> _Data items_
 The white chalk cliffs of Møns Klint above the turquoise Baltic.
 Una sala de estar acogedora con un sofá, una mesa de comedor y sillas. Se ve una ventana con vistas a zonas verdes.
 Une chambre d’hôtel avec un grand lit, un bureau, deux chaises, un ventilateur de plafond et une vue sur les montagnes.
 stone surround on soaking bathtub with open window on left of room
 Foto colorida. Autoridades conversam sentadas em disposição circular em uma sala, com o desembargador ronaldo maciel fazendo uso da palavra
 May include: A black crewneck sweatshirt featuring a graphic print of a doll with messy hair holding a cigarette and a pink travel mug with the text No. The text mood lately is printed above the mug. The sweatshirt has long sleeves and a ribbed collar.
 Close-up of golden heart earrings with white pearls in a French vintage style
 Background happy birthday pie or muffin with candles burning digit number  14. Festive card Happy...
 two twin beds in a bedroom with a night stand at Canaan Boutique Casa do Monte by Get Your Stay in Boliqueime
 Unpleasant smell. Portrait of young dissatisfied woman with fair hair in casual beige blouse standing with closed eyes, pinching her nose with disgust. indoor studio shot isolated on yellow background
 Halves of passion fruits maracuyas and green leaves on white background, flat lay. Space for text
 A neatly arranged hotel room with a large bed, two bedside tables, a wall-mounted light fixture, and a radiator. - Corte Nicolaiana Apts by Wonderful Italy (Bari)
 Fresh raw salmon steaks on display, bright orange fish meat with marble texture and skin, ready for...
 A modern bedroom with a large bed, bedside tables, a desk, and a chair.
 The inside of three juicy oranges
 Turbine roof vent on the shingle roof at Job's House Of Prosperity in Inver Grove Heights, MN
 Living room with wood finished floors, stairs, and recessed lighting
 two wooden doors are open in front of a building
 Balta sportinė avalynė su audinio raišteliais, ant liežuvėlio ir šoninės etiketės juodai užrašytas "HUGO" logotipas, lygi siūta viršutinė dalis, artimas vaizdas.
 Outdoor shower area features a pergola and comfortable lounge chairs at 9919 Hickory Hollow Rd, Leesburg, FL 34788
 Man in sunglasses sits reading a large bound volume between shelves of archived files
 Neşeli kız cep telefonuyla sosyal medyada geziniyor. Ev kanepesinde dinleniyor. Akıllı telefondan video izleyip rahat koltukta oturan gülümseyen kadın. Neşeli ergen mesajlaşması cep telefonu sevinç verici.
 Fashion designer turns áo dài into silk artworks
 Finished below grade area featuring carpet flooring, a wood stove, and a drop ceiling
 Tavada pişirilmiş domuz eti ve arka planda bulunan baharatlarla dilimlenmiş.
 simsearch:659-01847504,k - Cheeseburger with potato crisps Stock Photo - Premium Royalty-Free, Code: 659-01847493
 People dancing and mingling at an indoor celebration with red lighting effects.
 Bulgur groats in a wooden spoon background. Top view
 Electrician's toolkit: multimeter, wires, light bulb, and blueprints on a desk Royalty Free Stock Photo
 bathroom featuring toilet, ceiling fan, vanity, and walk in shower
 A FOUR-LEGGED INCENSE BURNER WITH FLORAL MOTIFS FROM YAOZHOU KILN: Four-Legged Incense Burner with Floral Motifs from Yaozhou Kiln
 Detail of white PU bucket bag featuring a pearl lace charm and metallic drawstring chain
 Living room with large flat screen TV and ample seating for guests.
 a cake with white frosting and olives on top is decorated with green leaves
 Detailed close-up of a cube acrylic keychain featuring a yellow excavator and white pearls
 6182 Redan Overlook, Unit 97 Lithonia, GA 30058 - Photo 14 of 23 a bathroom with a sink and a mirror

> _How to complete this task_
Look above for the line holding "Outdoor shower area", then set down exactly that line and every line after it up to and including the line holding "A FOUR-LEGGED INCENSE", with nothing else.

> _Answer area_
 Outdoor shower area features a pergola and comfortable lounge chairs at 9919 Hickory Hollow Rd, Leesburg, FL 34788
 Man in sunglasses sits reading a large bound volume between shelves of archived files
 Neşeli kız cep telefonuyla sosyal medyada geziniyor. Ev kanepesinde dinleniyor. Akıllı telefondan video izleyip rahat koltukta oturan gülümseyen kadın. Neşeli ergen mesajlaşması cep telefonu sevinç verici.
 Fashion designer turns áo dài into silk artworks
 Finished below grade area featuring carpet flooring, a wood stove, and a drop ceiling
 Tavada pişirilmiş domuz eti ve arka planda bulunan baharatlarla dilimlenmiş.
 simsearch:659-01847504,k - Cheeseburger with potato crisps Stock Photo - Premium Royalty-Free, Code: 659-01847493
 People dancing and mingling at an indoor celebration with red lighting effects.
 Bulgur groats in a wooden spoon background. Top view
 Electrician's toolkit: multimeter, wires, light bulb, and blueprints on a desk Royalty Free Stock Photo
 bathroom featuring toilet, ceiling fan, vanity, and walk in shower
 A FOUR-LEGGED INCENSE BURNER WITH FLORAL MOTIFS FROM YAOZHOU KILN: Four-Legged Incense Burner with Floral Motifs from Yaozhou Kiln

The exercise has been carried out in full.